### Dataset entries

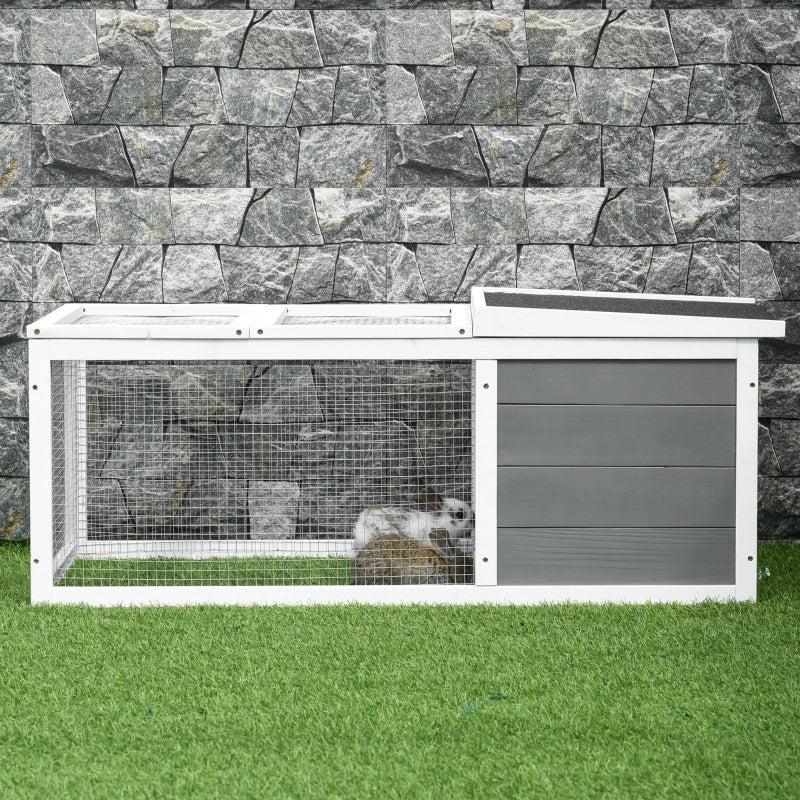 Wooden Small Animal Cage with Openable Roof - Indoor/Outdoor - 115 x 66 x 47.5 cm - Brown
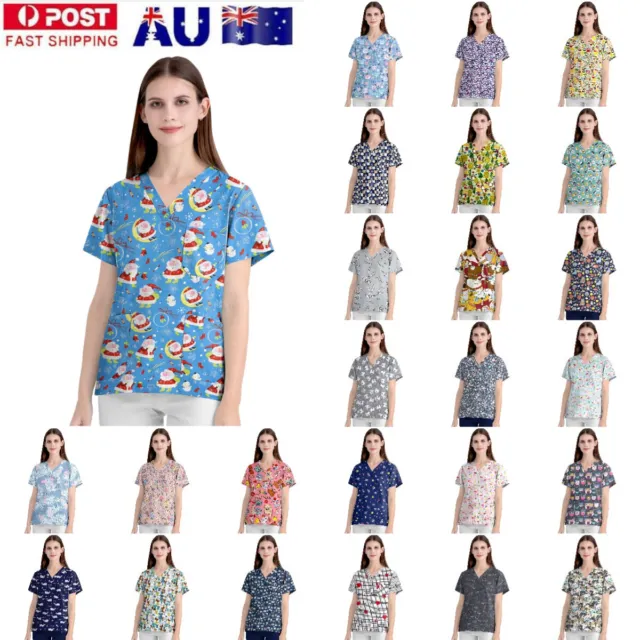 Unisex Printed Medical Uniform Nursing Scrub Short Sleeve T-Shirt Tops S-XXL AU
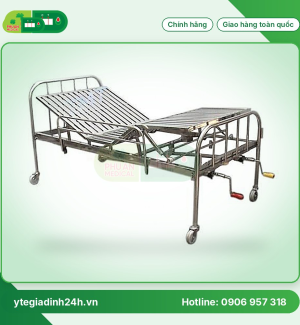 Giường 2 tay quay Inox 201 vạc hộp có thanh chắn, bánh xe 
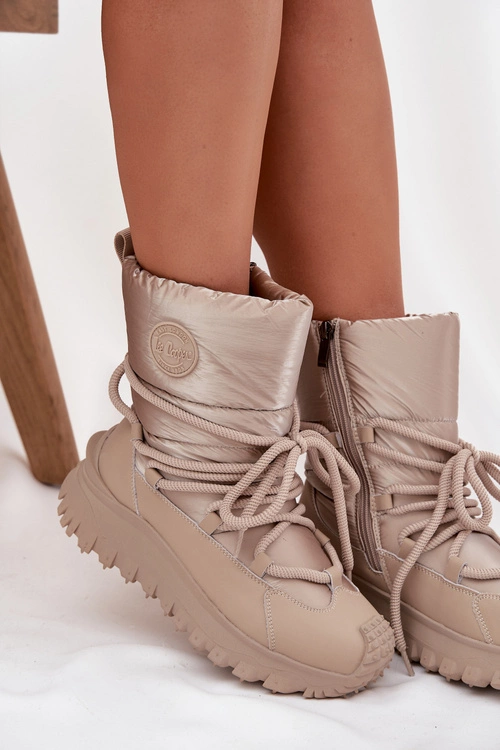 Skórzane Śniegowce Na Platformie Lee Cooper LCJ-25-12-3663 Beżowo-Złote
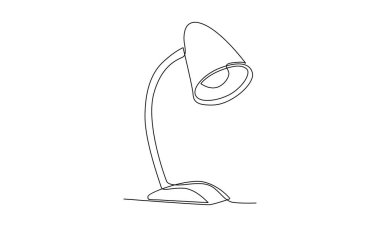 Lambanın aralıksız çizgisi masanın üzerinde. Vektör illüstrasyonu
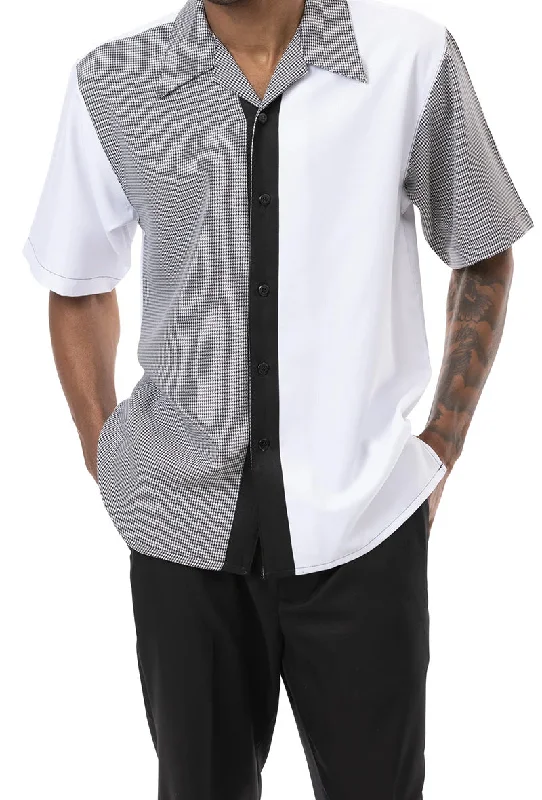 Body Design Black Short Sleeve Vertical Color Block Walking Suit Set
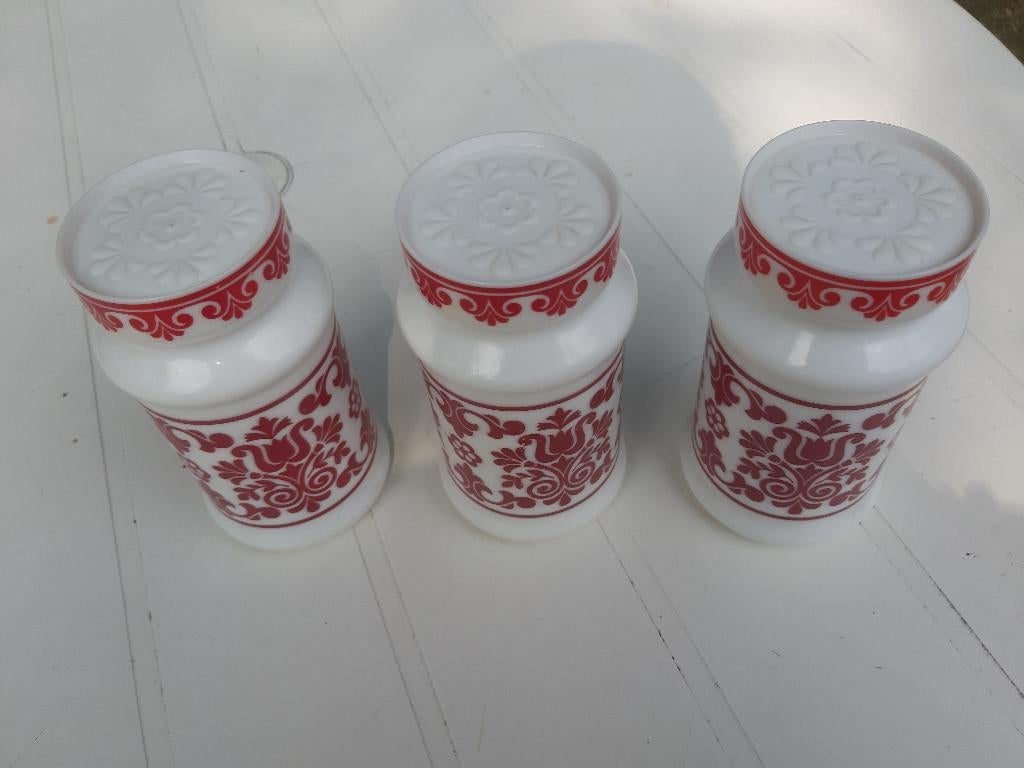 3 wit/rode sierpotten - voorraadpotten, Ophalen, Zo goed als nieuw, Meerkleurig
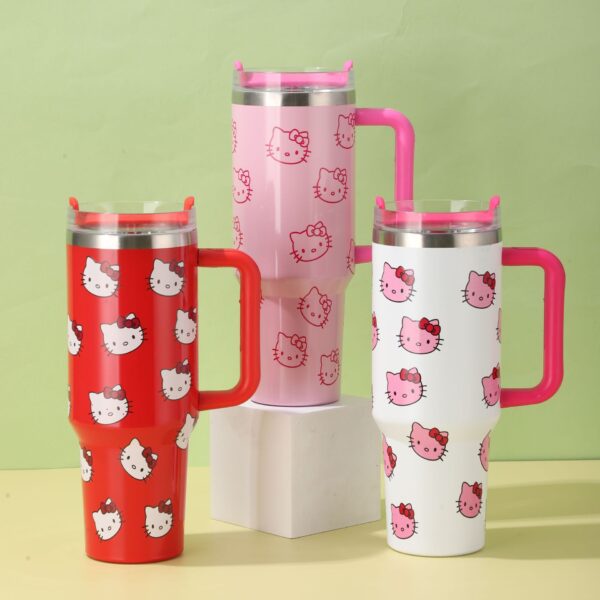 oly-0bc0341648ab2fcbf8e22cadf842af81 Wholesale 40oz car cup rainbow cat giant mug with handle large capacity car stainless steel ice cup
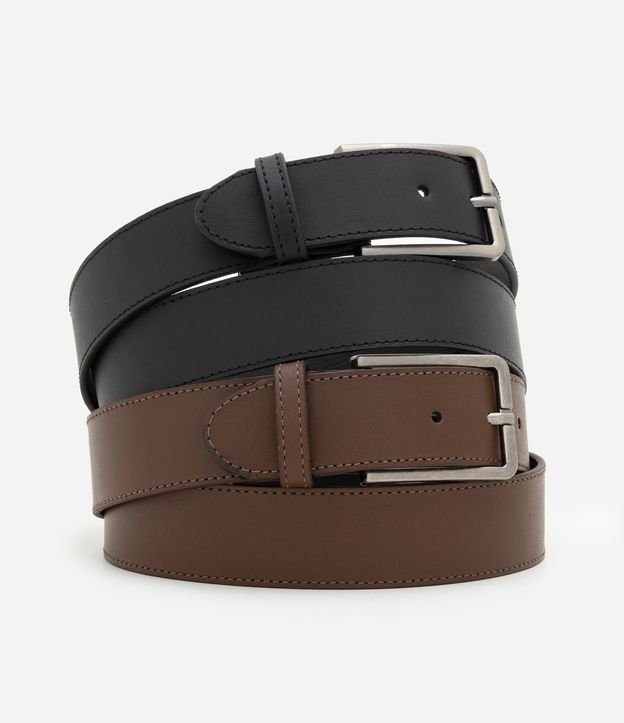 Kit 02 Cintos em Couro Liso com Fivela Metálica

### Work item
Pictures are to be left out, and the lines from the beginning of the records through the line with "Giường 2 tay" are to be printed exactly, with nothing added.

### Solution for this problem
 Wooden Small Animal Cage with Openable Roof - Indoor/Outdoor - 115 x 66 x 47.5 cm - Brown
 Unisex Printed Medical Uniform Nursing Scrub Short Sleeve T-Shirt Tops S-XXL AU
 Giường 2 tay quay Inox 201 vạc hộp có thanh chắn, bánh xe 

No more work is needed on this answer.